Loan Amount: $13,000
Method of payment: discount basis
Amount of Interest: $625
Term of loan: 1 year
Effective Rate of Interest (to the nearest tenth): _____ %
The correct answer is 4.8 :)
625 = x (13,000)
x = 0.048076
100 x = percent = 4.8% etc
To calculate the Effective Rate of Interest (to the nearest tenth), you need to know the loan amount, the amount of interest, and the term of the loan.
Given:
Loan Amount: $13,000
Amount of Interest: $625
Term of Loan: 1 year
To find the effective rate of interest, we can use the following formula:
Effective Rate of Interest = (Interest / Loan Amount) * (365 / Term of Loan)

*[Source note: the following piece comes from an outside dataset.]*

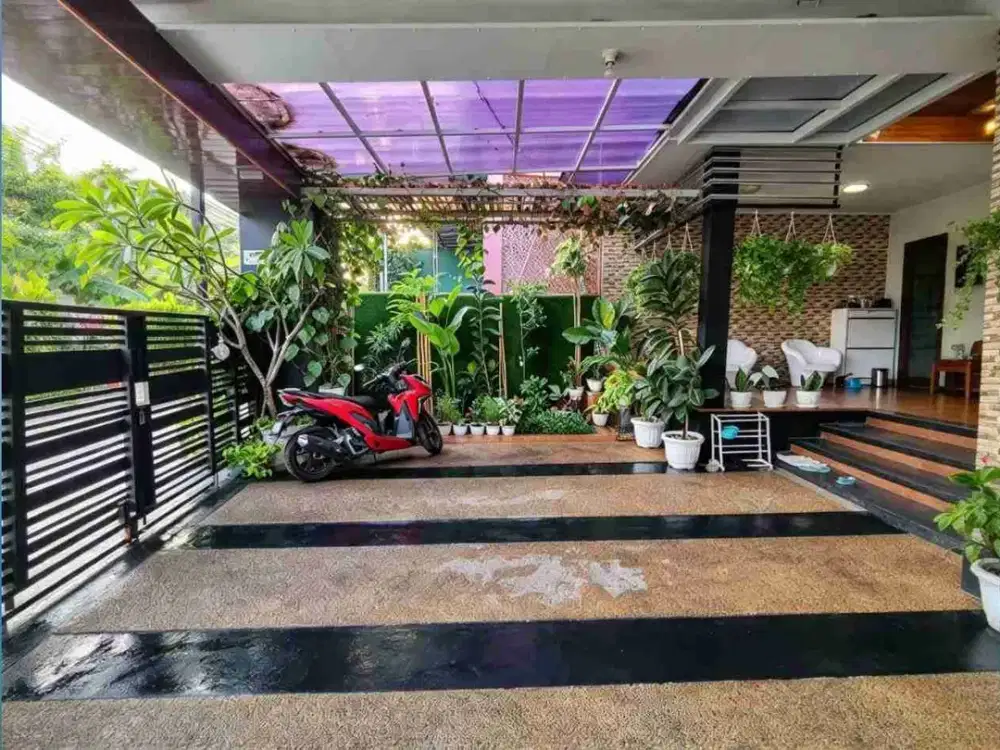 DIJUAL RUMAH ASRI MEZANIN TROPICAL 2 LANTAI PONDOK BAMBU, DUREN SAWIT JAKARTA TIMUR – SHM, 4 KT, 2 MOBIL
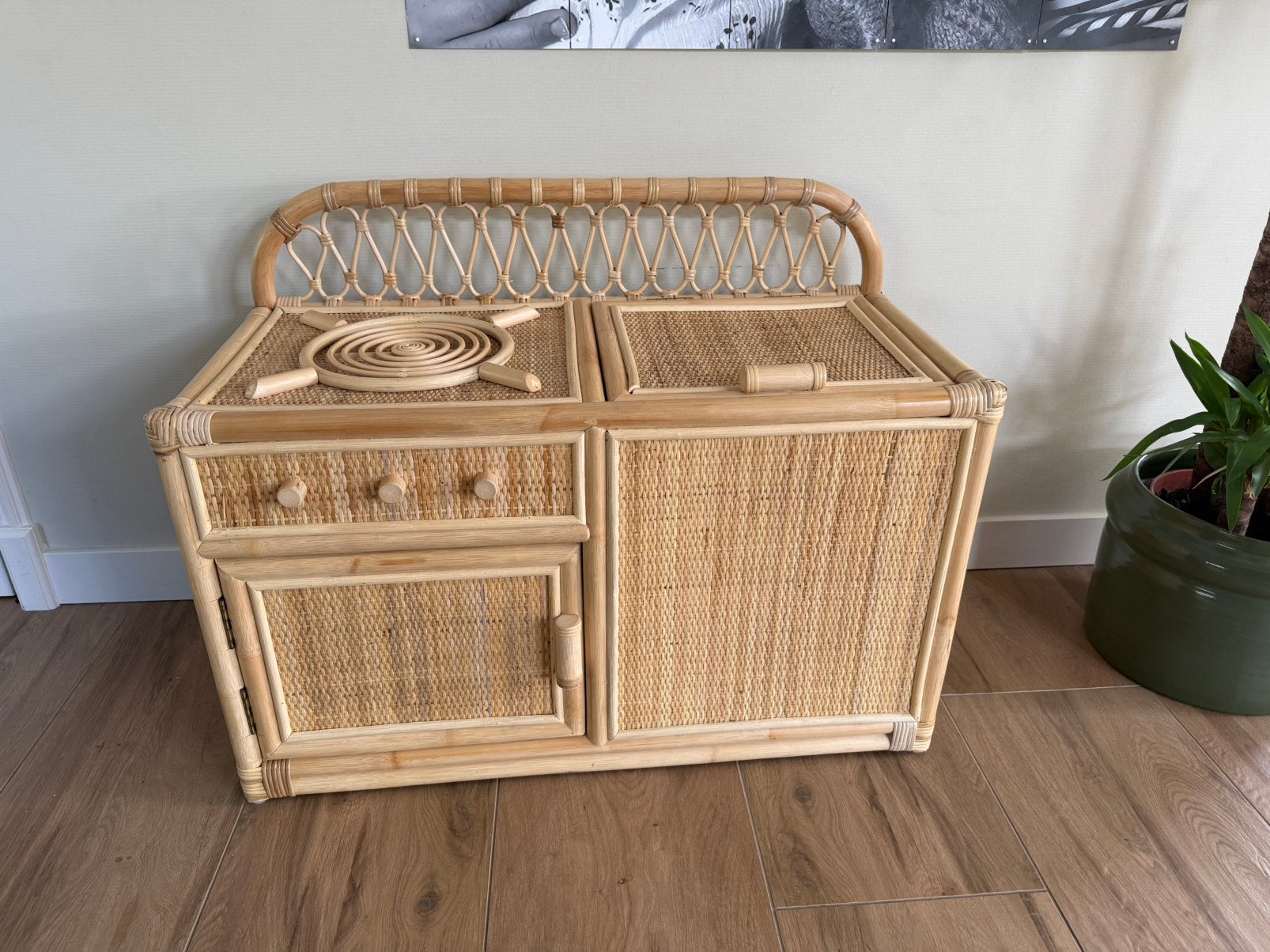 Speelkeuken van Leo & Moon, Huis en Inrichting, Woonaccessoires | Kisten, Ophalen, 50 tot 100 cm, Zo goed als nieuw, 50 tot 75 cm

Substituting the given values into the formula:
Effective Rate of Interest = ($625 / $13,000) * (365 / 1)
Calculating:
Effective Rate of Interest = (0.048076923) * (365)
Effective Rate of Interest ≈ 17.5%
Therefore, the Effective Rate of Interest (to the nearest tenth) for this loan is approximately 17.5%.
To calculate the effective rate of interest on a loan, we need to use the formula:
Effective Rate of Interest = (Interest / Loan Amount) * (365 / Term of Loan) * 100
In this case, we are given the loan amount of $13,000, the amount of interest $625, and the term of the loan is 1 year. Let's substitute the values into the formula to calculate the effective rate of interest.
Effective Rate of Interest = (625 / 13000) * (365 / 1) * 100
First, divide $625 by $13,000: 625 / 13,000 = 0.04807692308
Next, multiply by 365: 0.04807692308 * 365 = 17.5320512882
Finally, multiply by 100 to get the percentage: 17.5320512882 * 100 = 1753.20512882
Rounded to the nearest tenth, the effective rate of interest is approximately 1753.2%.